▸ **Problem description**
From the line containing "Whenever a player" to the end of the data, retype every line exactly and nothing else. Drop the pictures.

▸ **Available data**
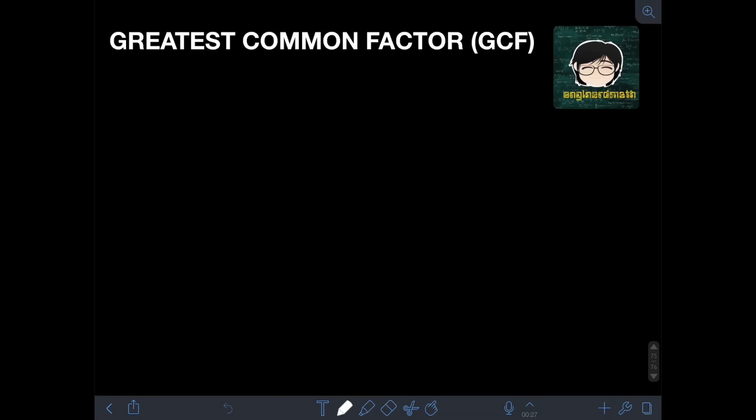Hi everyone, welcome to Engineered Math. In this video, I will teach you about Greatest Common Factor. So how do we find the Greatest Common Factor, or GCF, of two or more numbers?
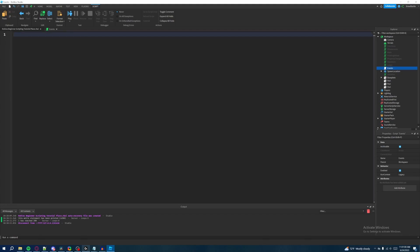Whenever a player joins a Roblox game, a lot of times we want to keep track of what's happening when a player joins. The way we do that is by creating an event that waits for a trigger to execute a specific line or multiple lines of code. In this case, the trigger is when a player joins the game — that's when we want this script to do stuff.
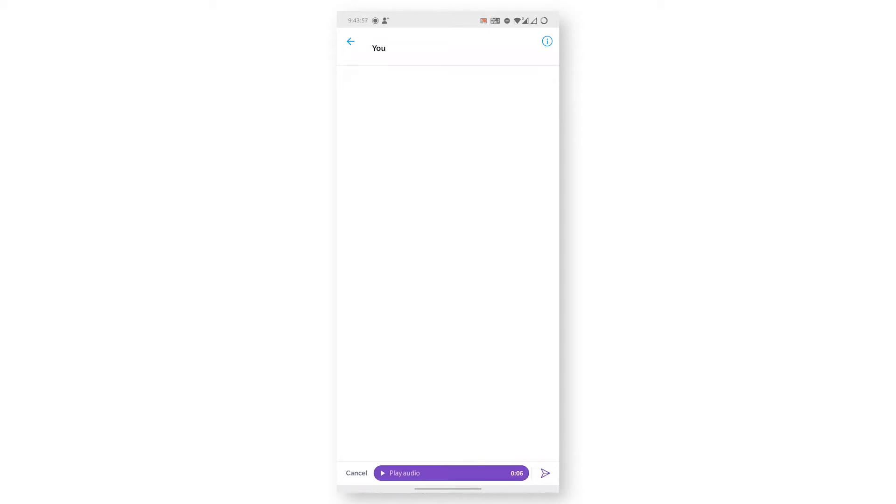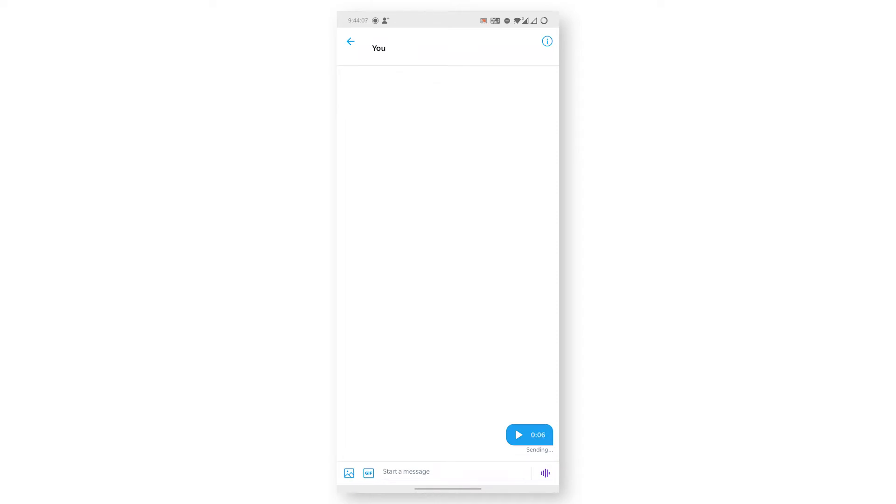To send it out, click on this arrow and it will be automatically sent. So this is how we can send voice recordings in Twitter. Thank you so much for watching.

▸ **Finished exercise**
Whenever a player joins a Roblox game, a lot of times we want to keep track of what's happening when a player joins. The way we do that is by creating an event that waits for a trigger to execute a specific line or multiple lines of code. In this case, the trigger is when a player joins the game — that's when we want this script to do stuff.
To send it out, click on this arrow and it will be automatically sent. So this is how we can send voice recordings in Twitter. Thank you so much for watching.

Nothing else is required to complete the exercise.